To the extent appellants contend that they were prejudiced by the admission of testimony
that Mullakandov purchased a bracelet with a check during the Miami trip, which Muratov later
learned had failed to clear for insufficient funds, we find that argument unpersuasive. As a
threshold matter, no objection was made at the time the testimony was offered, but rather was later
raised in the context of objections to the Las Vegas trip. In any event, the testimony was not
“other crimes” evidence, as there was no allegation that either Muratov or Abramov knowingly
assisted Mullakandov in passing a bad check at the time of the purchase (and, in fact, there was no
mention of Abramov at all); rather, this testimony was offered for the limited purpose of showing
that Muratov was aware that Mullakandov lacked the funds to pay for the millions of dollars in
diamonds that they were buying in India, given that he lacked funds to pay for even one bracelet.
Evidence of the bounced check related only to Muratov’s knowledge of Mullakandov’s overall
financial position, and did not imply a propensity to commit crimes as to either appellant, such that
5 any risk of prejudice was extremely minimal. In short, we find unpersuasive appellants’
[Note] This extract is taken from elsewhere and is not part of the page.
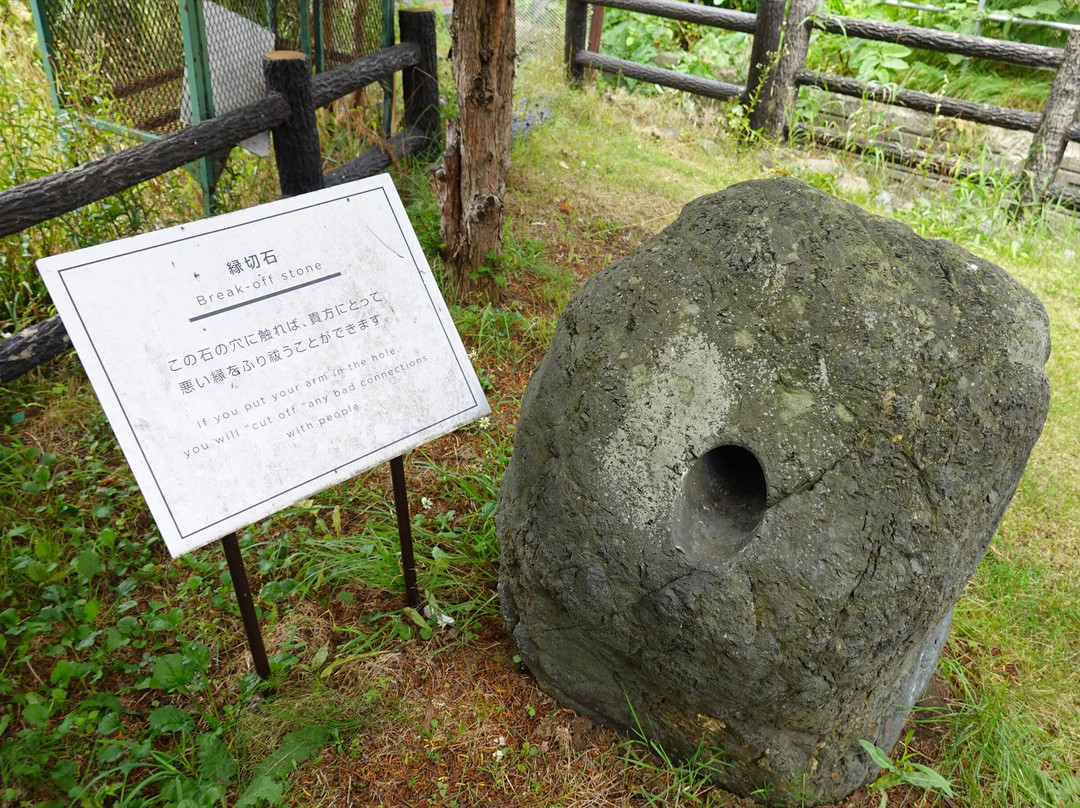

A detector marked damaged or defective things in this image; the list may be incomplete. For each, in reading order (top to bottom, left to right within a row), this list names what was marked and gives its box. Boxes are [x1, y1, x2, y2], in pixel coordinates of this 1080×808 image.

rusty metal stake [390, 453, 419, 604]
rusty metal stake [219, 533, 270, 678]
contention that the admission of this testimony, as well as the other challenged evidence related to
the Miami and Las Vegas jewelry shows, was unfairly prejudicial under Federal Rule of Evidence
403. Moreover, although a limiting instruction is not required for direct evidence of the charged
conspiracy that is outside the bounds of Rule 404(b), United States v. Gaggi,
811 F.2d 47, 60-61(2d Cir. 1987), the district court further minimized any potential prejudice by providing a limiting
instruction to the jury, which emphasized the testimony about the Las Vegas trip was offered only
for background and should not be taken “to mean that Mr. Abramov or Mr. Muratov engaged in
any wrongful act regarding the Las Vegas diamond merchants, nor that they had any propensity to
commit such wrongful acts,” App’x at 714. Accordingly, we conclude that the district court did
not abuse its discretion in admitting the evidence of the jewelry shows in Miami and Las Vegas.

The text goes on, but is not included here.